■ **Assignment**
Please write out only the lines from the line with "12V100Ah Trolling Motor Battery" to the line with "Hermès HERMES Cabag", inclusive, exactly as they stand below, without the pictures.
Data shown START
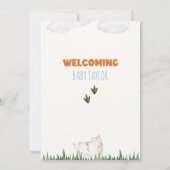 DINOSAUR Baby Dusche Einladung, Dino Baby Dusche Einladung (Rückseite)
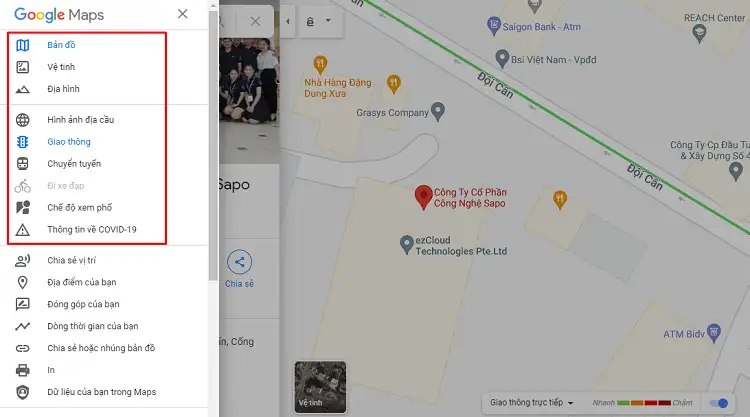 cách sử dụng Google Maps trên máy tính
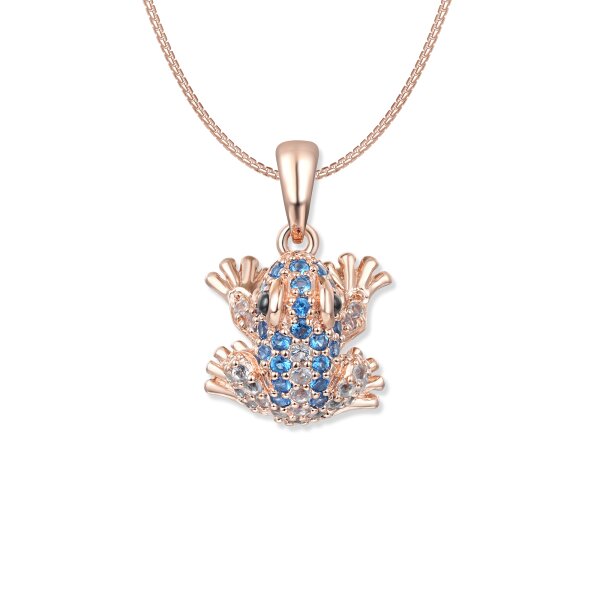 Lou Blue Frosch Halskette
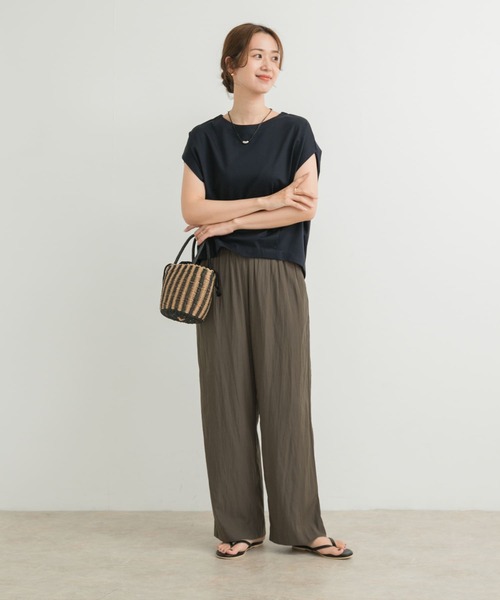 セール】『UVカット/接触冷感/吸水速乾』ドライタッチリラックスパンツ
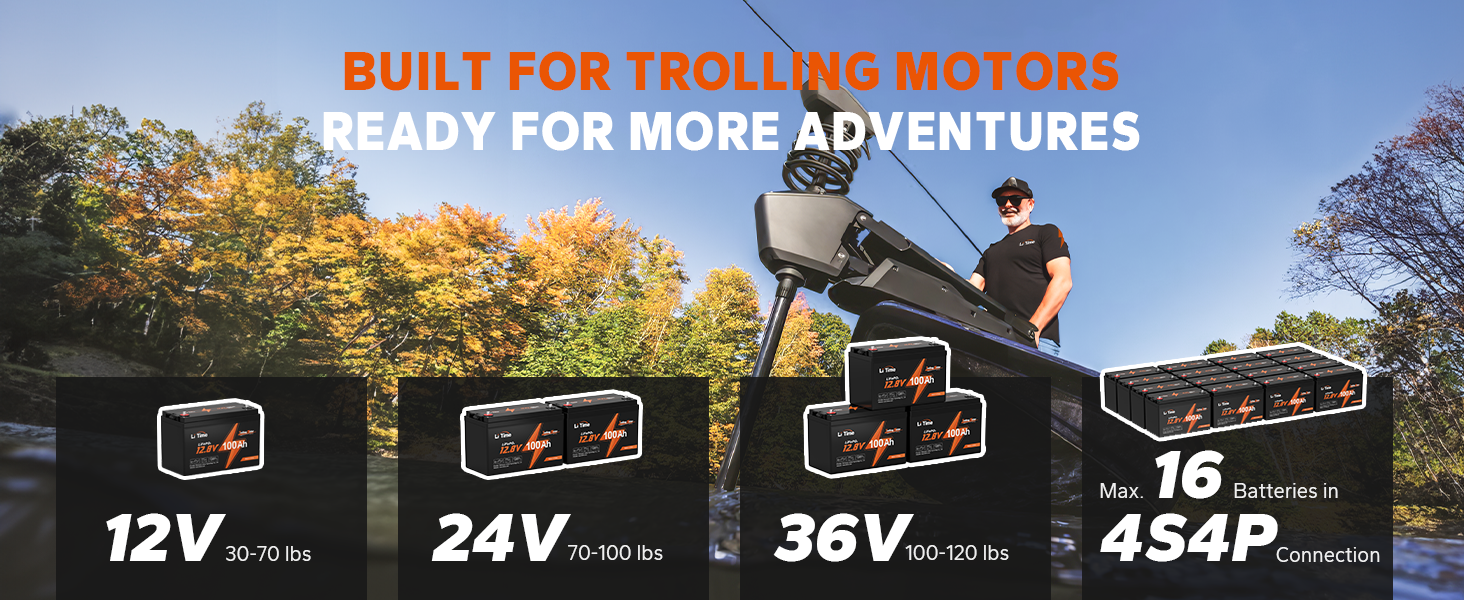 12V100Ah Trolling Motor Battery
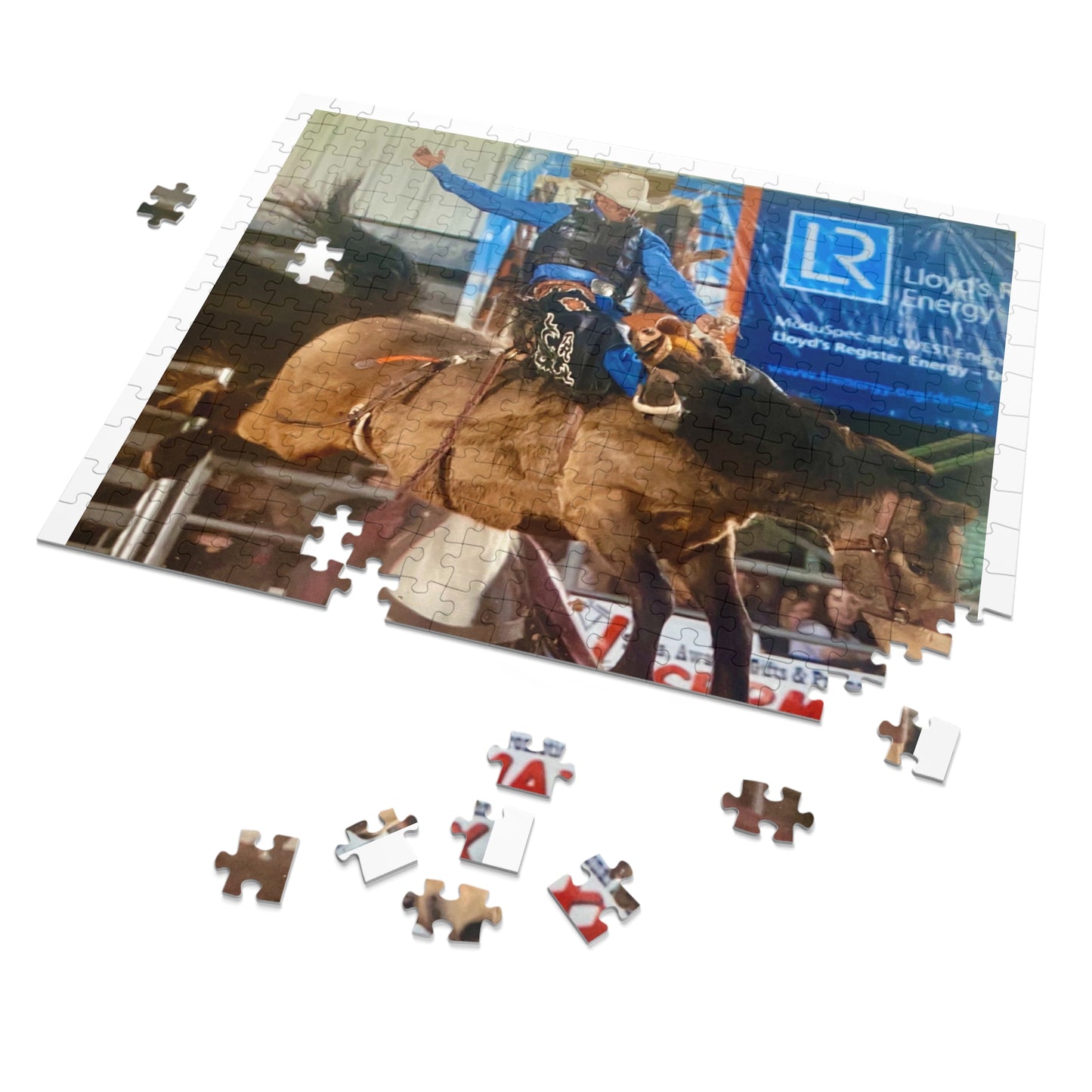 Jigsaw Puzzle with Tin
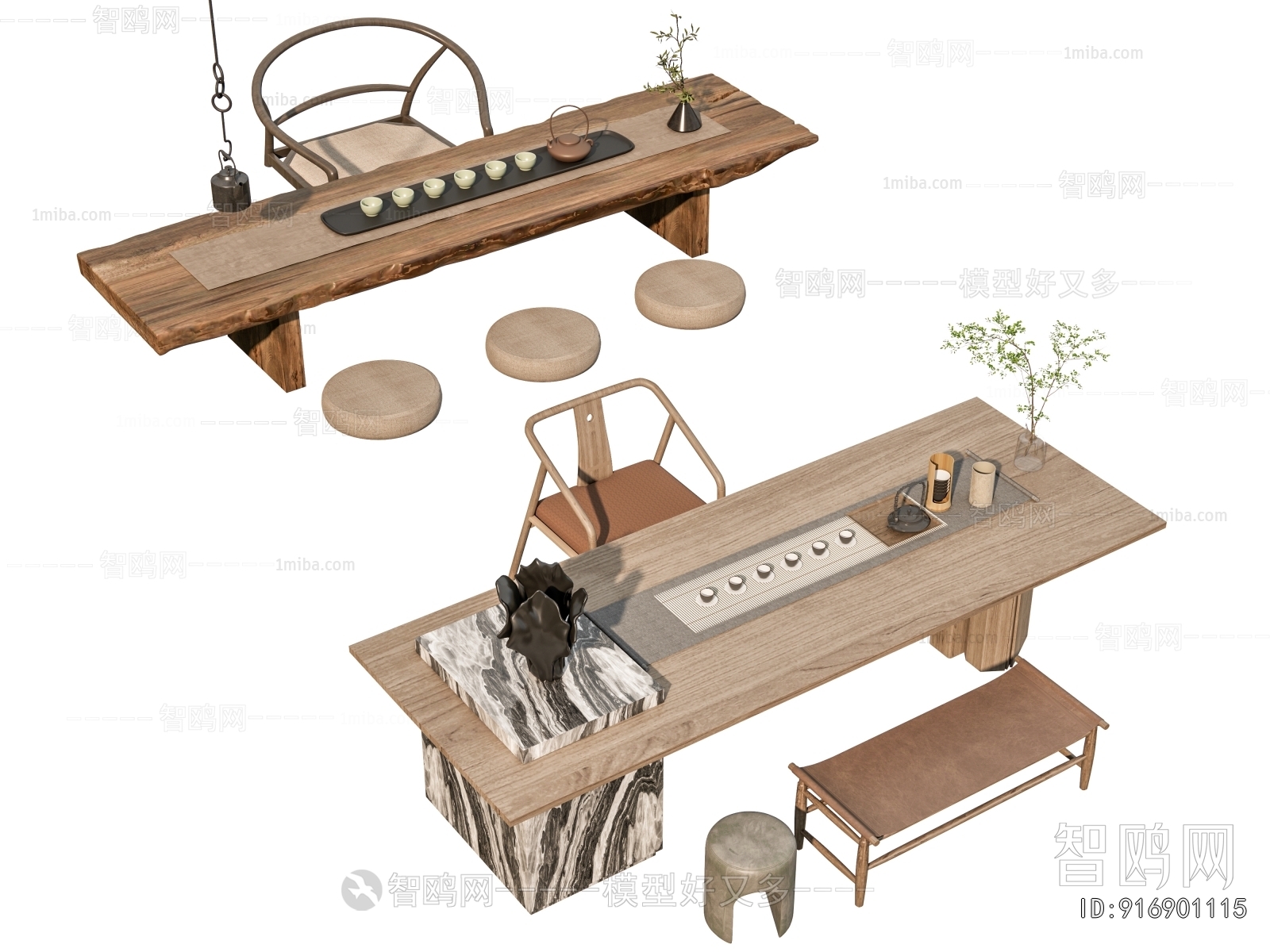 New Chinese Style Tea Tables And Chairs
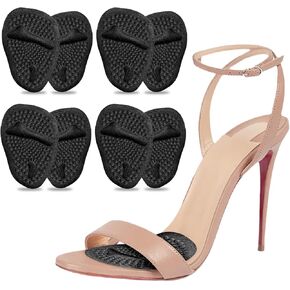 Metatarsal Pads Women, Heel Inserts for Women, Ball of Foot Cushions for Women, Heel Pads for Women's Shoes, Comfortable Heels for Women, High Heel Comfort Pads, Anti Slip Design (4 Pairs, Beige)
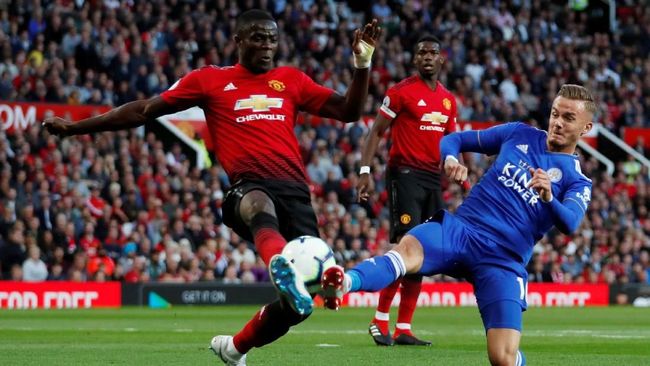 Babak I: Manchester United Ungguli Leicester City 1-0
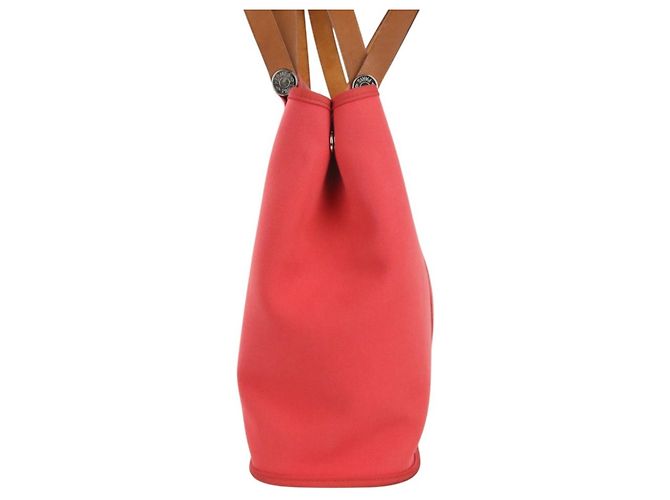 Hermès HERMES Cabag PM Toile Officier Borsa Tote, Rosso, N Stamp, Donna - vista 4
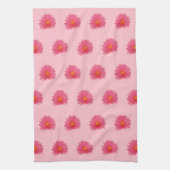 Pink Aptenia Blume Nahtloses Muster auf Geschirrtuch (Vertikal)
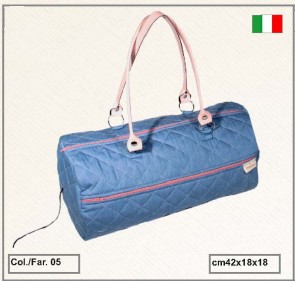 BL295 BORSA PORTALAVORO JEANS C/MANICO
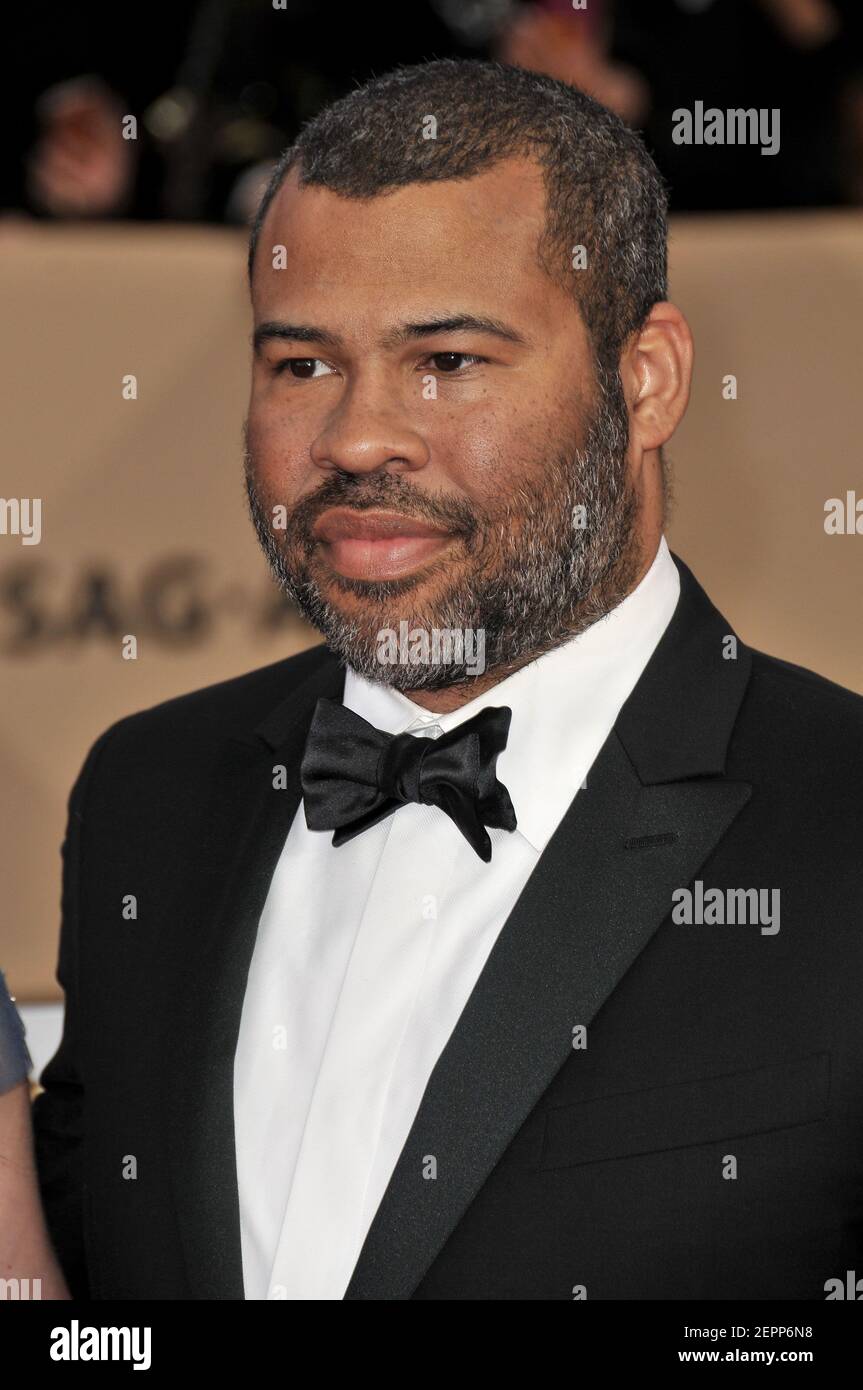 Jordan Peele arrives at the 24th annual Screen Actors Guild Awards at ...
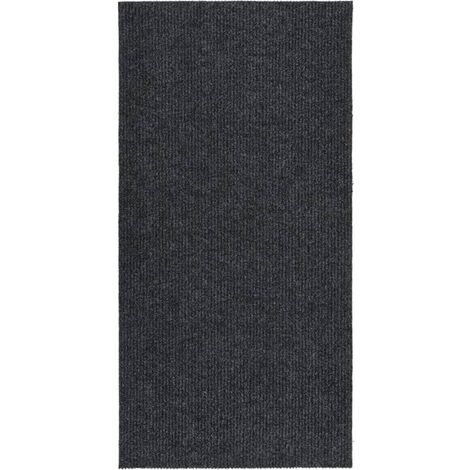 vidaXL Tappeto Corsia Acchiappa Polvere 100x200 cm Antracite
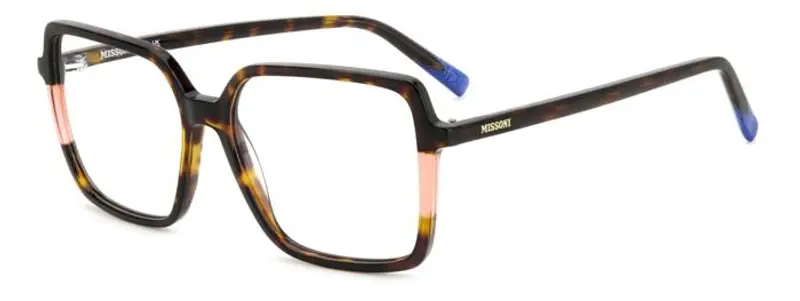 Missoni Donna MIS 0176 L9G Montature da vista Acetato Havana Squadrata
Data shown END
■ **Response below**
 12V100Ah Trolling Motor Battery
 Jigsaw Puzzle with Tin
 New Chinese Style Tea Tables And Chairs
 Metatarsal Pads Women, Heel Inserts for Women, Ball of Foot Cushions for Women, Heel Pads for Women's Shoes, Comfortable Heels for Women, High Heel Comfort Pads, Anti Slip Design (4 Pairs, Beige)
 Babak I: Manchester United Ungguli Leicester City 1-0
 Hermès HERMES Cabag PM Toile Officier Borsa Tote, Rosso, N Stamp, Donna - vista 4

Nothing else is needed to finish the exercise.